Preparation

  • Data source
    • Data is text8.zip downloaded from Mattmahoney.net
    • Data is a 100M characters, the first 1000 is prepared for validation, the remaining is for training
    • Since char is not able to do numerical calculation, each char will be finding a mapping id to represent itself.
    • Char’s id is its numerical value substracting the first ascii char’s numerical value
    • Batch generation
      • A batch is a group of char feed into Tensorflow graph at the same time
      • The batch size is defined as a constant number (64) no matter it is training text or a validation text
      • The way the tutorial extracts a batch is a technique of uniformly extracting: e.g:
      • In the following text, text length is 130, batch size is 5, segment is 130/5 => 26
      • Cursor content in the beginning is [0, 26, 52, 78, 104]
      • Cursor content in the next batch is [1, 27, 53, 78, 105]
        abcdefghijklmnopqrstuvwxyzabcdefghijklmnopqrstuvwxyzabcdefghijklmnopqrstuvwxyzabcdefghijklmnopqrstuvwxyzabcdefghijklmnopqrstuvwxyz
        a<-cursor                 a<-cursor                 a<-cursor                 a<-cursor                 a<-cursor
        
      • The uniformity is achieved by segregating the whole long text into segments
      • Each time when there is batch generation request, we use the cursor list to find the char and then generate the batch
      • In my example, the first batch is [aaaaa], the next batch is [bbbbb] …etc
      • The whole data batch generation can be forever even though the cursor moves beyond the segment or text boundary
      • Because we will modulo the index so when boundary is passed, the index will go back from the beginning
      • But the real batch is a 2D tensor just like this:
        batch index 0 [0, 0, 0, 1, 0, 0, 0, 0, 0]
        batch index 1 [0, 0, 0, 0, 1, 0, 0, 0, 0]
        batch index 2 [0, 0, 1, 0, 0, 0, 0, 0, 0]
        batch index 3 [0, 0, 0, 0, 1, 0, 0, 0, 0]
        batch index 4 [0, 0, 0, 1, 0, 0, 0, 0, 0]
        
      • The batch is a tensor with shape to be (batch_size, vocabulary_size) i.e (64, 26+1)

Training Procedure

  • Aribtrarily defined training steps to be 7001 by course teacher
  • For each step, the training code fetch a number of unrolling batches to the graph.
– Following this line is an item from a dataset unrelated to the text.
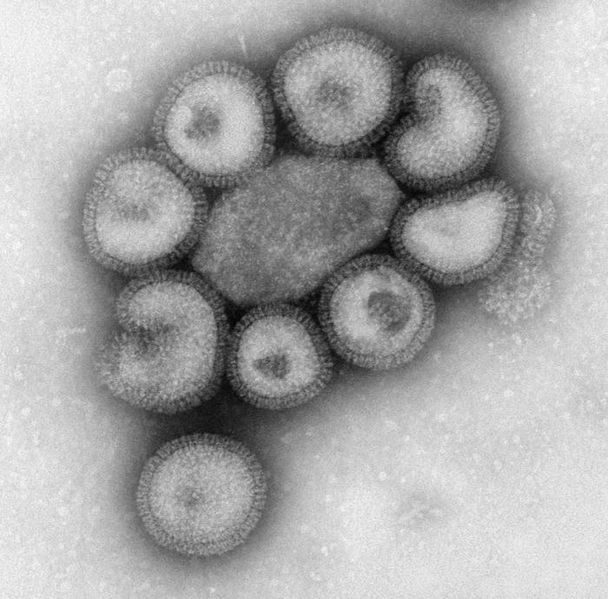 चित्र:Influenza-Virus.jpg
This is because LSTM’s RNN nature. It needs to keep previous chars for calculation
  • For example, in one of the training steps, we fed the graph with a list of length num_unrolling+1
    • [batches[0], batches[1], batches[2], batches[3] .......... batches[num__unrolling]]
      • Each batches[i] contains 64 1-hot vectors converted from characters extracted from source uniformly distributed
      • *a* b c d __first step__
      • ` d e f g second step`
  • Feeding the graph
    • feed_dict[train_data[i]] = batches[i] This is in the session training loop
    • train_data.append(tf.placeholder(...blah...)) This is in the graph
    • All I think is that code is a bit of magic. All we can imagine is using this high level interpretation: train_data[i] = batches[i]